Title: Python function call optimization: avoid temporary tuple to pass **kwargs
Components: Interpreter Core Versions: Python 3.8
Nosy List: inada.naoki, jdemeyer, serhiy.storchaka, vstinner, xtreak
Created on 2018-07-10 23:13 by vstinner, last changed 2019-04-05 10:27 by jdemeyer.

On the following code, f() uses CALL_FUNCTION_EX bytecode to call g(). The bytecode loads 'kw' variable which is a dictionary. But internally, the dictionary is converted to a temporary tuple, and later a new dictionary is created. Maybe the temporary tuple could be avoided?

def g(*args, **kw):

def f(*args, **kw):
    g(*args, **kw)

In Python 3.6, before FASTCALL, CALL_FUNCTION_EX calls:

* do_call_core(): kw dict
* PyObject_Call(): kw dict
* function_call(): kw dict -> create a temporary tuple of keys and names: (key[0], value[0], ...)
* _PyEval_EvalCodeWithName(): if CO_VARKEYWORDS, rebuild a new dictionary for keyword arguments (**kw)

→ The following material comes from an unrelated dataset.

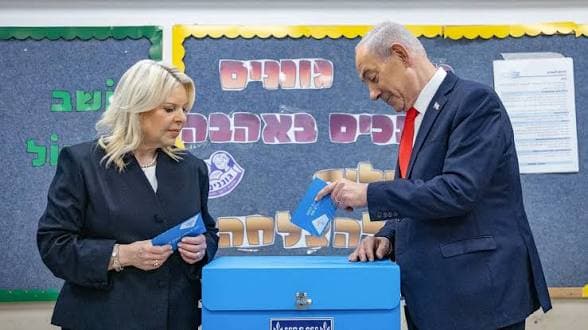 Israeli exit polls: Eisenkot bloc eclipses Netanyahu’s, but falls short of clear majority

In Python master branch (future 3.8) with FASTCALL, CALL_FUNCTION_EX calls:

* do_call_core(): kw dict
* _PyFunction_FastCallDict(): kw dict -> a temporary tuple for keyword names ('kwnames') is created
* _PyEval_EvalCodeWithName(): if CO_VARKEYWORDS, rebuild a new dictionary for keyword arguments (**kw)

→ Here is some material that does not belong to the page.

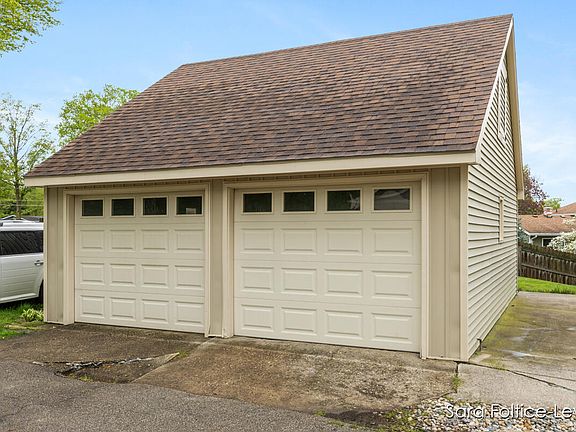 4th image of 2735 Silverwood St SW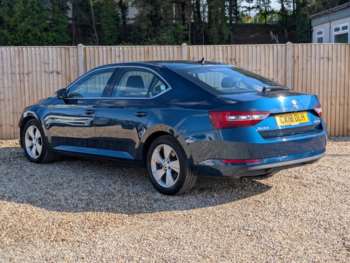 Used Skoda Superb 2018 for sale - 74800892: Photo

To be clear: FASTCALL didn't make this specific function call (Python => Python with **kw) worse nor better.
Related issues with similar discussion in the past : - Similar discussion where PyDict_Copy was proposed

Yeah, I recall these issues since I wrote them :-D

The fix for bpo-29318 was to document that we must copy the kwargs dict ;-)

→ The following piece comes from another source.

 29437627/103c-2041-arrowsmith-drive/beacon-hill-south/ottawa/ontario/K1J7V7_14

But this issue is not about the copy of the kwargs dict, but about two useless conversions: kwargs dict -> kwnames tuple -> kwargs dict.
This might be solvable using PEP 580 by using METH_VARARGS instead of METH_FASTCALL for such functions. This would still require a temporary tuple for the positional args but no additional dict would need to be allocated.